Unaware of this somewhat disturbing statistic, but with seeming instinctive brilliance, I moved to New Zealand at the age of forty six, where life expectancy is about ninety five.  Scandinavians are apparently tracking very near the one hundred mark, but the extra years didn’t seem worth the extreme climate and learning a language with little circles above the A’s and all the O’s crossed out.  My hope is that I have a reasonable chance of beating the system with just the bad hair I already have and a fake Kiwi accent that I am working on by watching a lot of day-time TV.  

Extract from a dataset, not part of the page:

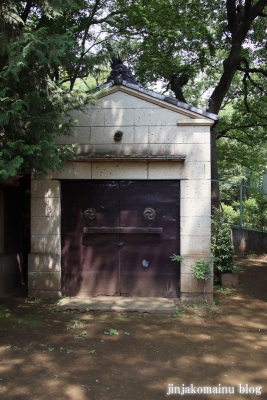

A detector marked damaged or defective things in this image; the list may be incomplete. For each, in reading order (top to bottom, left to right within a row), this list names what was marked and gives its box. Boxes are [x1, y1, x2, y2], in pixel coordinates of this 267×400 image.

rusty metal surface [61, 181, 181, 296]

It’s not that I am paranoid, just that I was present during all of life’s attempts to end mine prematurely and I do wonder how I made it this far.  In fact I am continually surprised to see fully mature specimens of the male persuasion thronging the planet.  I am sure any one of them selected at random would be able to reel off a dozen or so accounts of running/falling/climbing/jumping into/off/ through a glass door/river/gorge/tree-house.  Not to mention external forces like fire, water, ice, their brother’s chemistry set, their father’s drinks cabinet or their mother’s car.

Naturally, every boy’s memory of events past tends to be somewhat unreliable, with stories of near-death experiences taking on seemingly fantastic proportions in the re-telling.  One theory is that this is in preparation for being able to recount interesting boyhood stories to one’s grandchildren, but in my own experience I think the accounts of what actually happened are modified immediately to avoid having your life terminated by your parents when they find out what you did.

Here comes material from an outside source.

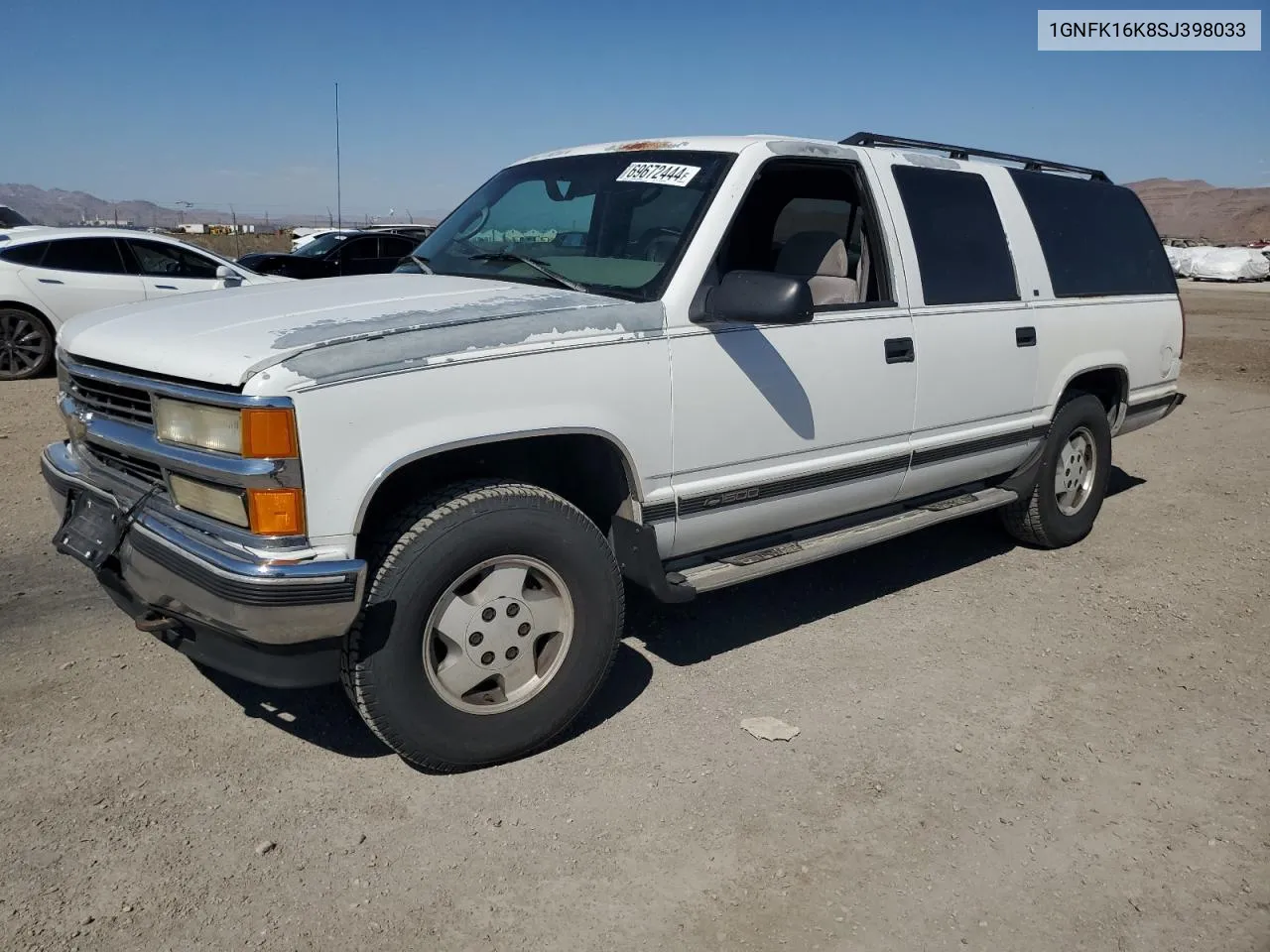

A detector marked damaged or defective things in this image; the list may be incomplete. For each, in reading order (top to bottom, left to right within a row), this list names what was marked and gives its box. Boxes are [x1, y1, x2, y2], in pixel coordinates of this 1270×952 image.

peeling hood paint [57, 272, 667, 387]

This also explains why everyone knows it is dangerous to run with scissors, and yet no-one has ever been injured doing so or has ever heard of anyone who has.  It’s because you know that if you stabbed yourself while running with scissors your mom will kill you, so instead you invent a story where a boy you have never seen before (and will never see again) attempted to sever your femoral artery with a blackboard compass during double geometry.

File:Johannesburg-c1910.jpg

In speaking to my father, I have learned that my close brushes with extinction began long before 1962.  Himself a veteran of beating the system, he recalls that as a boy he would play a game involving cutting loops of rubber from a motorcar inner tube and shooting them into the overhead power-lines where they would become stuck, to be shot down by other boys with their loops of rubber - the idea presumably being to see who could dislodge the most loops.  I am surprised that Sony has not formulated a version of this game for their Playstation as the concept sounds riveting.  

You can imagine the scene - a dusty street somewhere in the suburbs of Johannesburg, everything in black and white with the corners of the buildings yellowing and cracked (the way they always are in photos of that time), and all the cars with no inner tubes of course. 

My father and the rest of the flannel shorts brigade have managed to get all their loops stuck in the power lines.  Someone suggests throwing their shoes up to dislodge a batch so the game can continue but my father points out that none of them have had any shoes since the war.  By this stage a small crowd has gathered and a minor scuffle breaks out when someone volunteers his sister’s doll in a bid to get the game going again.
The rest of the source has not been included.